— WHAT IS EXPECTED —
State how many lines of the data contain the word "finish", and write nothing besides the number.

Captioned web image data:
........

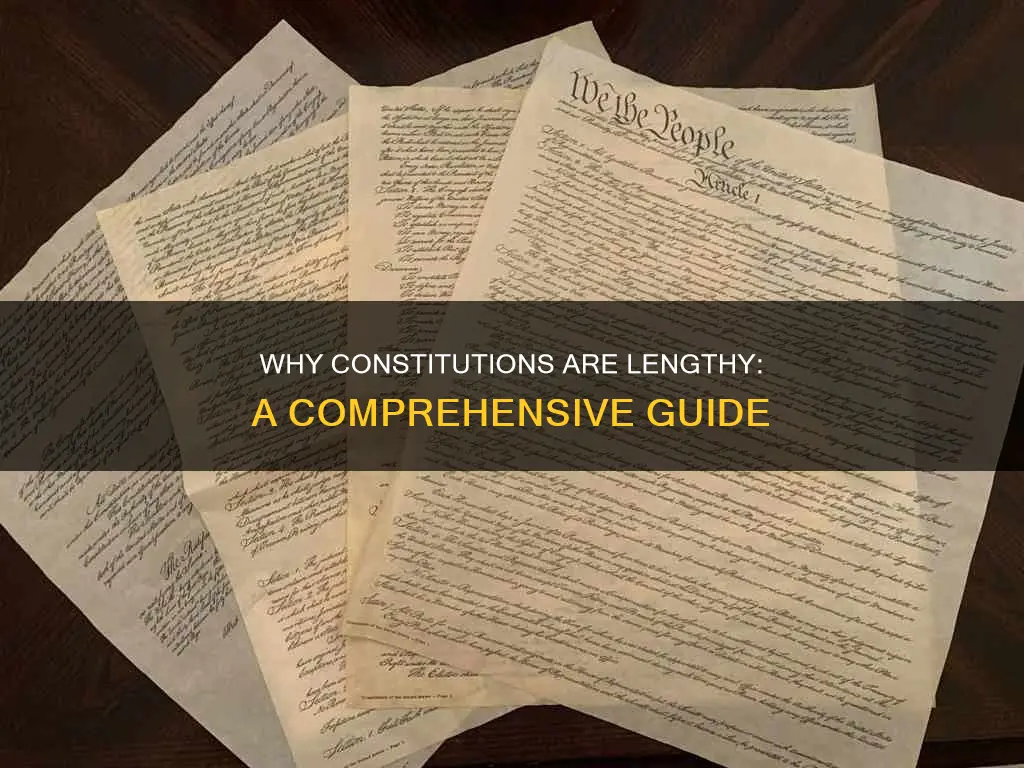 what is the main reason for lengthy constitutions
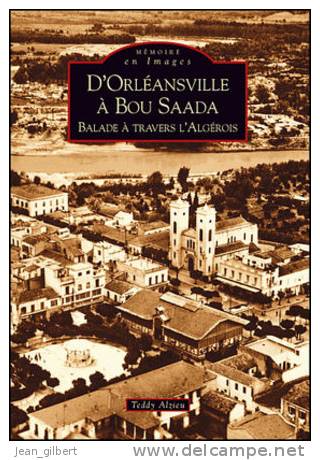 D'Orleansville a Bou Saada - Balade a Travers l'Algerois  de Teddy Alzieu NEUF !
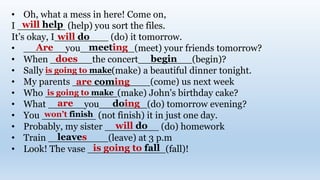 • Oh, what a mess in here! Come on,
I ________ (help) you sort the files.
It’s okay, I_________ (do) it tomorrow.
• _______you_________(meet) your friends tomorrow?
• When _______the concert_________(begin)?
• Sally ___________(make) a beautiful dinner tonight.
• My parents _____________(come) us next week
• Who ____________(make) John's birthday cake?
• What ______you________(do) tomorrow evening?
• You _________ (not finish) it in just one day.
• Probably, my sister _________ (do) homework
• Train __________(leave) at 3 p.m
• Look! The vase _____________(fall)!
will help
will do
Are meeting
does begin
are coming
is going to make
is going to make
are doing
will do
leaves
is going to fall
won’t finish
 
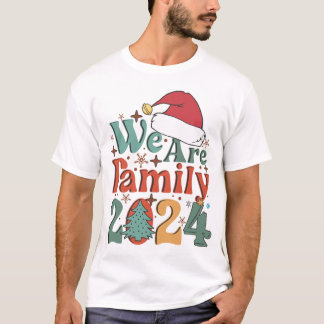 We Are Family Christmas 2024  T-Shirt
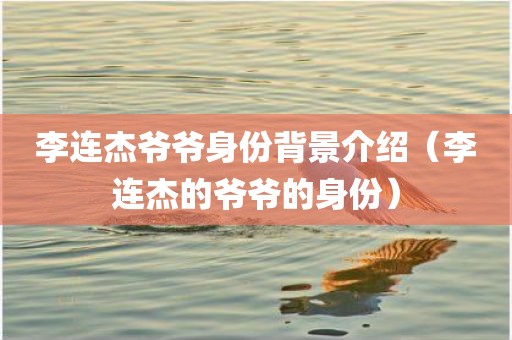 李连杰爷爷身份背景介绍（李连杰的爷爷的身份）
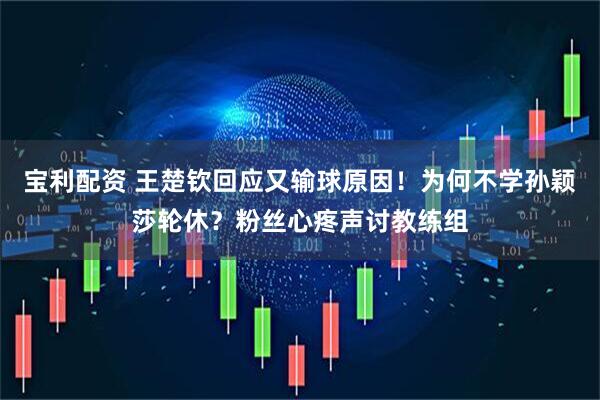 宝利配资 王楚钦回应又输球原因！为何不学孙颖莎轮休？粉丝心疼声讨教练组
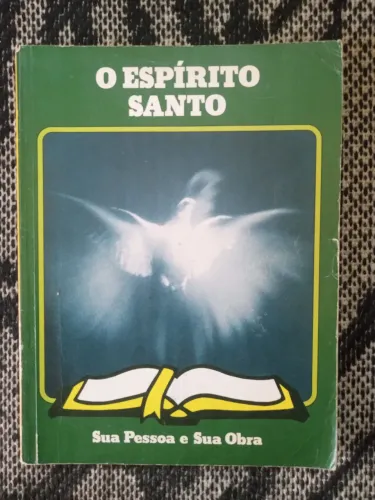 Teologia - O Espírito Santo - Sua Pessoa e Sua Obra - Livro Antigo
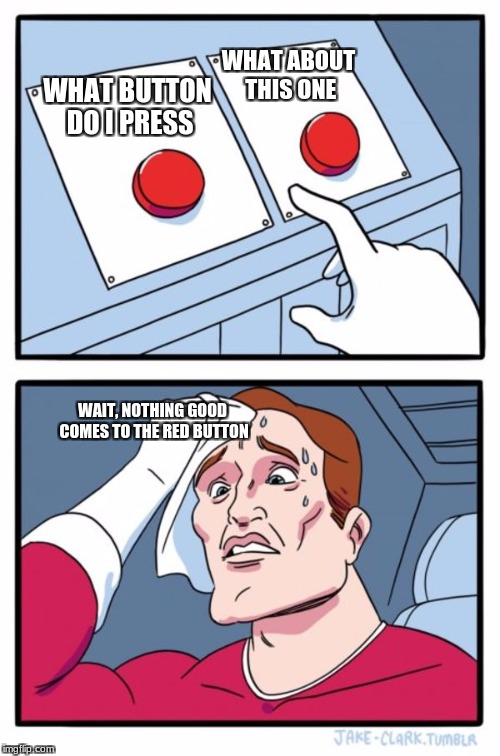 Two Buttons Meme | WHAT ABOUT THIS ONE; WHAT BUTTON DO I PRESS; WAIT, NOTHING GOOD COMES TO THE RED BUTTON | image tagged in memes,two buttons | made w/ Imgflip meme maker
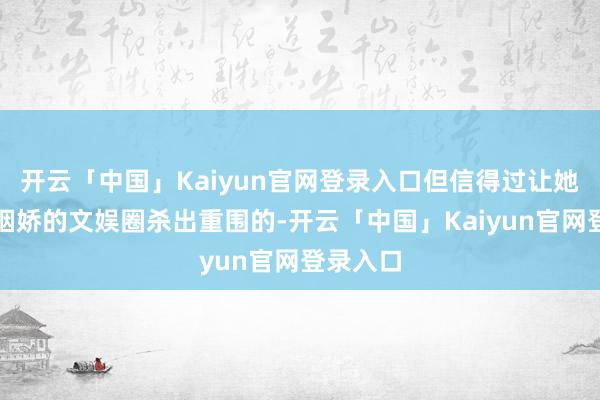 开云「中国」Kaiyun官网登录入口但信得过让她在八百姻娇的文娱圈杀出重围的-开云「中国」Kaiyun官网登录入口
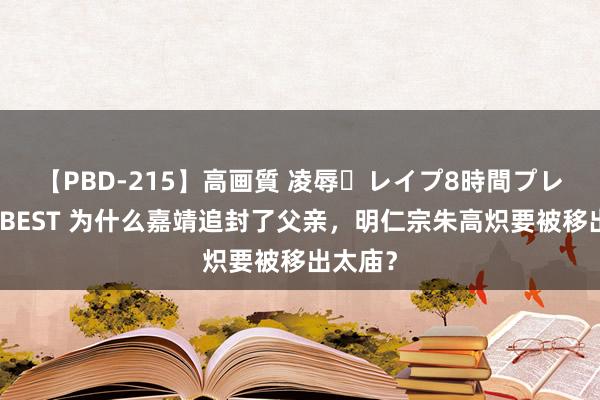 【PBD-215】高画質 凌辱・レイプ8時間プレミアムBEST 为什么嘉靖追封了父亲，明仁宗朱高炽要被移出太庙？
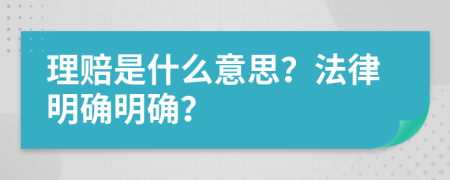 理赔是什么意思？法律明确明确？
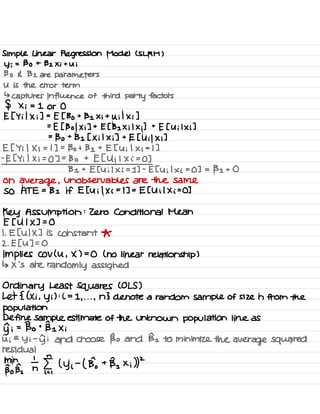 Simple Linear Regression Model ( SLRM )
y ;
= Bo + 131 Xi + Ui
Bo E B 1 are parameters
U is the error term
↳
captures influence of third
party factors
$ x ; = 1 or 0
E [ Yi I X ; ] =
E [ Bo +
131 Xi +
U ; I Xi ]
=
E [ 1301 × ;] + [ [ 131 X ; l X ;] +
E [ U ; l × i ]
=
Bo +
Be [ X ; l X ; ] +
E [ Uil Xi ]
E [ Y ; 1 X ; = 1
] =
Bo + 131 + E [ U ; 1 x i
= 1 ]
-
E [ Yi 1 X ; =
0 ] =
Bo +
E [ Ui 1
X i =
0 ]
B 1 + E [ U i 1 × i =
1 ] -
E [ U ;
1
× i
=
0 ] = 131 + 0
On
average ,
unobservable s are the same
SO ATE =
131 if E [ U ; I Xi =
I ] =
E [ U i l x i
=
0 ]
Key Assumption :
Zero Conditional Mean
E [ U I X ] = 0
I . E [ UIX ] is constant *
2 .
E [ U ] = 0
implies Cov ( U , X ) =
0 ( no linear relationship )
↳ × 's are
randomly assigned
Ordinary Least Squares ( OLS )
Let { ( Xi ,
y i ) :
i =
1 , . . .
,
n } denote a random sample of size n from the
Population
Define sample estimate of the unknown population line as
yn ;
= Bo +
Be Xi
ii =
Yi
-
di and choose Bo and Be to minimize the
average squared
residual
Bone,
th En
,
( yi
-
( Bo +
BI × i ))
2
 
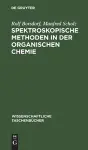 Spektroskopische Methoden in Der Organischen Chemie cover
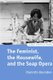 The Feminist, the Housewife, and the Soap Opera (Paperback, illustrated edition): Charlotte Brunsdon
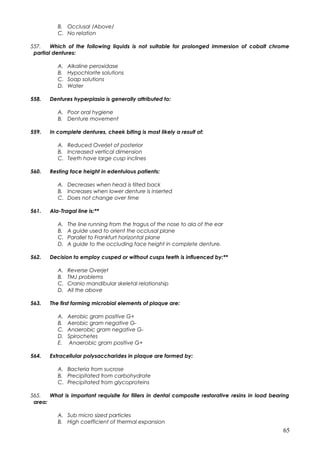 B. Occlusal /Above/
C. No relation
557. Which of the following liquids is not suitable for prolonged immersion of cobalt c...
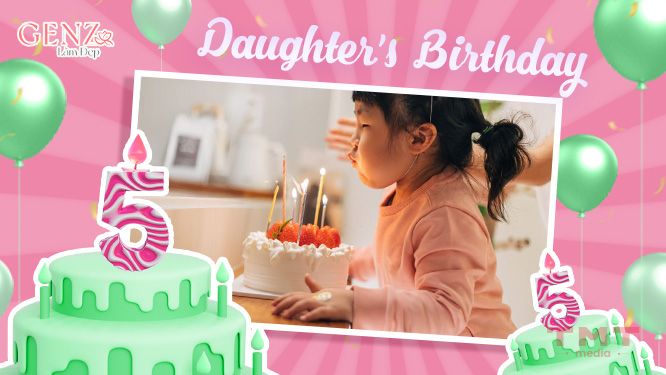 Lời chúc mừng sinh nhật con gái 5 tuổi ý nghĩa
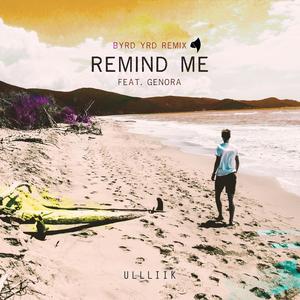 Remind Me (feat. Genora) [BYRD YRD Remix]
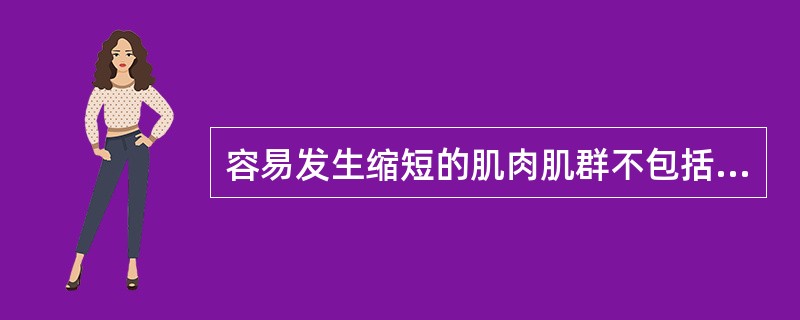 容易发生缩短的肌肉肌群不包括 ( )A、比目鱼肌B、髋屈肌和内收肌C、肩关节内旋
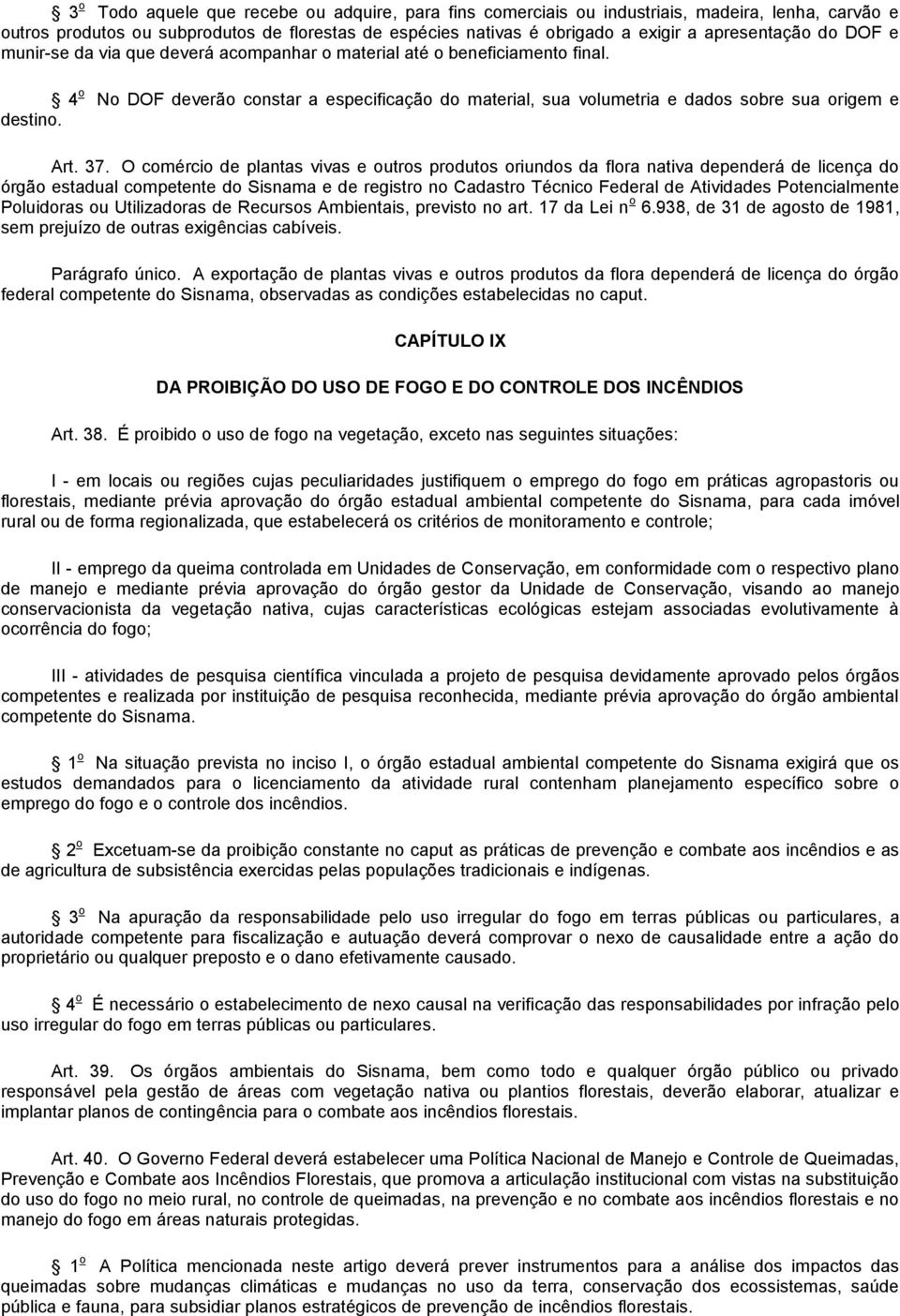 37. O comércio de plantas vivas e outros produtos oriundos da flora nativa dependerá de licença do órgão estadual competente do Sisnama e de registro no Cadastro Técnico Federal de Atividades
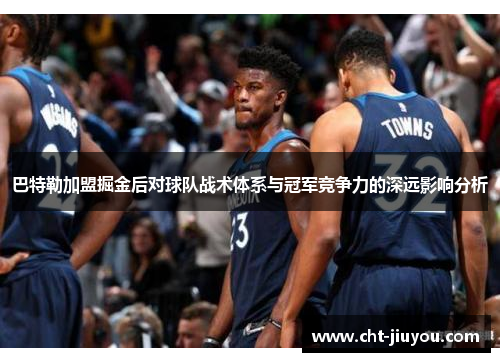 巴特勒加盟掘金后对球队战术体系与冠军竞争力的深远影响分析 巴特勒加盟掘金后对球队战术体系与冠军竞争力的深远影响分析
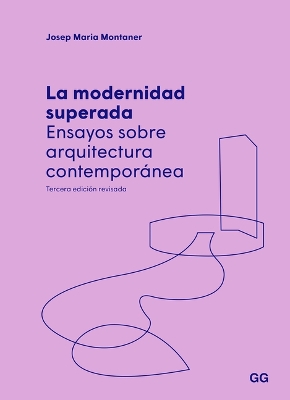 La Modernidad Superada, 3ª Edicion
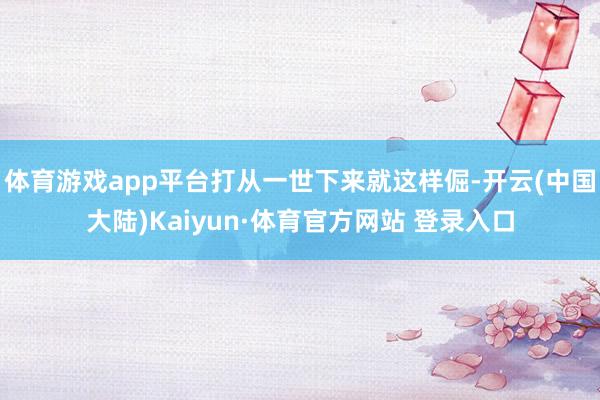体育游戏app平台打从一世下来就这样倔-开云(中国大陆)Kaiyun·体育官方网站 登录入口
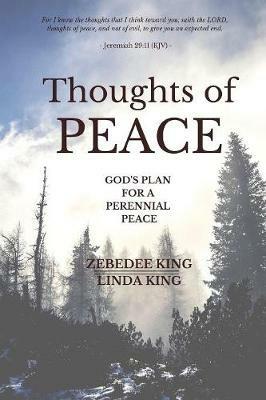 Thoughts of Peace - Zebedee King,Linda King - cover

........

— PROBLEM SOLUTION —
2